Section : 28(va), 147

S. Ravindra Bhat And R.V. Easwar, JJ.

IT Appeal No. 112 Of 2014

March 18, 2014

JUDGMENT

S. Ravindra Bhat, J. – The Revenue is in appeal aggrieved by the order dated September 20, 2013, of the Income-tax Appellate Tribunal (ITAT) whereby the assessee’s appeal was allowed.

2. The assessee had in respect of the assessment year 1999-2000 in the note filed together with the accounts and the returns disclosed that he received a sum of Rs. 88 lakhs as one-time non-compete fee. He concededly paid advance tax of Rs. 27,60,600 on the same. He states that this was a one-time capital receipt ; the return was processed under section 143(1). The Revenue sought to reopen the assessment recording reasons for doing so as follows by its notice dated January 9, 2002 :

“The income-tax return for the assessment year 1999-2000 was filed on 29th July, 1999, claiming a refund of Rs. 26,74,420. The assessee was the promoter of Overseas Cargo Service P. Ltd. and had entered into as asset transfer agreement with M/s. Bax Global India Pvt. Ltd. for transfer of assets of OCS to BAX. As agreed under the ATA, the assessee had entered into a non-competition agreement with BAX. Under the terms of NCA, the assessee had undertaken not to engage directly or indirectly, either alone or in association with any person or persons in any activity, which will be in competition with the current business of BAX and for observing the restrictions specified in NCA, a consideration amounting to Rs. 88 lakhs was payable to the assessee by BAX.

The assessee had paid advance tax of Rs. 27,60,000 on the abovementioned amount of Rs. 88 lakhs and is now claiming refund of Rs. 30,74,254 on the contention that as it is capital receipt, it should not be chargeable to tax. However, the income of the assessee of Rs. 88 lakhs received by him should be chargeable to tax as it is not a capital receipt but is to be charged to income-tax under the head ‘Profits and gains of business or profession’. In terms of section 28 of the Income-tax Act, 1961, section 28 is reproduced hereunder to bring the assessee in net of this provision.

‘(ii) any compensation or other payment due to or received by’ ;

(a) any person by whatever name called managing the whole or substantially the whole of the affairs of an Indian company, at or in connection with the termination of his management or the modification of the terms and conditions relating thereto.’

In the light of the above facts, income of Rs. 88 lakhs has escaped assessment and the very fact that the assessee has already paid advance tax and refund on it on after thought, substantiates the contention of the Revenue that the above mentioned amount is chargeable to income-tax. Hence, notice under section 148 issued.”

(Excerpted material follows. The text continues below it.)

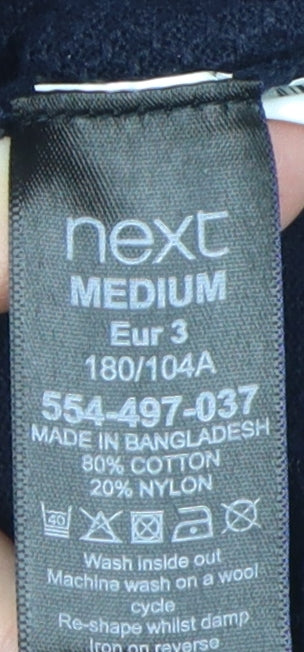 Next Men's Blue Pullover Jumper, Medium, Cotton Blend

3. The assessee objected to the reopening of the assessment contending that there was no fresh or tangible material discerned by the Revenue for notice for reassessment. This objection was overruled and the Assessing Officer added back the said amount as business income observing that the nature of the consideration receipt having regard to the terms of the agreement was such that it was income and not capital receipt. The assessee preferred an appeal but without success to the Commissioner (Appeals). The Commissioner (Appeals) had, during the pendency of the appeal, called for remand report and after discussing its contents, rejected the appeal.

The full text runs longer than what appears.